La ministre de la Culture espagnole Carmen Calvo rendit publique le la décision de céder temporairement la Dame à sa ville d'origine. Depuis ce moment, on commença un processus qui culmina le , en cela que la Dame d'Elche présida l'inauguration du Musée archéologique et d'histoire d'Elche (au palais d'Altamira) et l'exposition « De Ilici a Elx, 2500 años de historia » (« D'ilici à Elx, 2 500 ans d'histoire »), qui eut lieu en différents endroits de la ville.
Il y a eu de nombreuses critiques et opinions sur la découverte de cette pièce archéologique et il y a eu des spéculations sur la possibilité qu'elle ne soit pas de si haute antiquité, et qu'il s'agisse d'une fraude moderne. En 1995, dans l'University of Florida Press, le professeur John F. Moffitt écrivit sur le thème dans Art Forgery: The Case of the Lady of Elche.

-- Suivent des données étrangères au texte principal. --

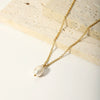 Women's Fashion Fresh Water Pearl Pendant Clavicle Chain Jewelry In Geometric Style Made Of Stainless Steel With Pvdp Furnace Real Gold Treatment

Récemment, l'analyse de sa polychromie réalisée par l'équipe de Pilar Luxán du Conseil supérieur de la recherche scientifique, en Espagne, a prouvé l'antiquité du pigment[3] et de la structure des couches d'impression et de pigmentation, ainsi que du processus de sa perte par dissolution et recristallisation du mortier de plâtre qui avait été posé pour recevoir la couleur.